Last year, the switch market developed into multiple distinct
categories. On one end, there were stackable and standalone 10/100 Mbps switches
with different configurations of 8 ports, 12 ports, 16 ports and 24 ports. It
was in this category that 3Com, the third largest switch market shareholder, in
this year’s analysis, dominated the market. Its competitors were Intel, Cisco
and D-Link. An average 16-port non-stackable model in this segment was at about
Rs 15,000 per unit, with per port price of about Rs 900. The stackable switches
were much more costly at about Rs 50,000 a unit on per port price of Rs 4,000.

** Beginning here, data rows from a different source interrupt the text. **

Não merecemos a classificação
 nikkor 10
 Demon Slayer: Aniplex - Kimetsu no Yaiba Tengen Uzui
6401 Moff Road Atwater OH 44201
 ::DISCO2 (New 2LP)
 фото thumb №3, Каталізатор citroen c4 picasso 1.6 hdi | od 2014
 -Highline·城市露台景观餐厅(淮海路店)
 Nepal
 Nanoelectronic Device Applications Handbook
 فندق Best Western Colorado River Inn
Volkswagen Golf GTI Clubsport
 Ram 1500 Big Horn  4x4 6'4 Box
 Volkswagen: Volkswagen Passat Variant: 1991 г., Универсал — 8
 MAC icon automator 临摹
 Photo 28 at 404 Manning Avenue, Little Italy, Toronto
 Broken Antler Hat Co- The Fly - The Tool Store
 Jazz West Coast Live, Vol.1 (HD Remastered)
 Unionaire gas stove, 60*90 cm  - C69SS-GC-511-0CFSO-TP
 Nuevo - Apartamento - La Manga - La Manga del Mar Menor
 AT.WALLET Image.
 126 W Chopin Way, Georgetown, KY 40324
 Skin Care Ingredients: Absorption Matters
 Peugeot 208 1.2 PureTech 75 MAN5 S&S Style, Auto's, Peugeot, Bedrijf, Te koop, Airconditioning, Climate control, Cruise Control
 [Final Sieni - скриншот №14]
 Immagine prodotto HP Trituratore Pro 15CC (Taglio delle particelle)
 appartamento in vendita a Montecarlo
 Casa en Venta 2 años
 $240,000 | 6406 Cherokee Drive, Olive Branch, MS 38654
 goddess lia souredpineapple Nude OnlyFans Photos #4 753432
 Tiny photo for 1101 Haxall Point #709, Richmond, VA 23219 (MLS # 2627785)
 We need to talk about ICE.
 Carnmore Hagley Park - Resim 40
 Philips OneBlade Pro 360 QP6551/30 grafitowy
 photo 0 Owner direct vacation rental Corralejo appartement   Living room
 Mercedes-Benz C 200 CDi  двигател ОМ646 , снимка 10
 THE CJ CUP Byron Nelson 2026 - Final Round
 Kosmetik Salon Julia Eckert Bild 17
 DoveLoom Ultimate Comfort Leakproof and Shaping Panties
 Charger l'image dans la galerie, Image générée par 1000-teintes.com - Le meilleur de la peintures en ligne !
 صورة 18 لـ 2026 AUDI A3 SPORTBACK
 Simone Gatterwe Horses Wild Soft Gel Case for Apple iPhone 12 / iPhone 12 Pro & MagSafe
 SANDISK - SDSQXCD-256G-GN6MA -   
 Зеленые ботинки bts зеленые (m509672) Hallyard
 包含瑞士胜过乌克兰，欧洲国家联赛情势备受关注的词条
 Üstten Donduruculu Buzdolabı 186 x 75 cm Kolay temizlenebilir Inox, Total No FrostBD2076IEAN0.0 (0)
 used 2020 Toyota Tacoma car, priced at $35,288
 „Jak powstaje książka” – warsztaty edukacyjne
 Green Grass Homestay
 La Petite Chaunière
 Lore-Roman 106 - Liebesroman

Then there was the high-end chassis-based Layer 3 switch
category where the royal battle raged between the biggies of this year’s
Networking Masters, Cisco and Enterasys. The battle was tough, but Cisco emerged
as the winner this time, thus enabling it to lead in the overall LAN switch
analysis as well–Cisco ending the year with 41 percent market share and
Enterasys with 32 percent. Cisco’s product range clinched the overall
leadership for it, though Enterasys performed better in the high-end layer 3
switch category. The average price of a chassis-based Gigabit model stood at
about Rs 30 lakh. The entry of Extreme and Foundry did not make much difference,
as these brands, clearly, lacked NI representatives.
An interesting part of the switch drama during the last
fiscal, however, was the entry of Layer 4-7 switch players in the market. Here,
Nortel Networks with its acquired Alteon products dominated the market, though
f5 also managed to create a flutter or two.
This year, the switch segment could be in for better times,
as banks are expected to scramble up data centers as part of an RBI directive to
the banks to consolidate their IT resources. Also, despite the global tech
slowdown, the beginning of this year has already seen announcements by global
technology giants like Lucent, HP and Intel to recruit local developers. These
and other good signs like the encouraging general budget could place the
switching segment to overdrive, in the current fiscal.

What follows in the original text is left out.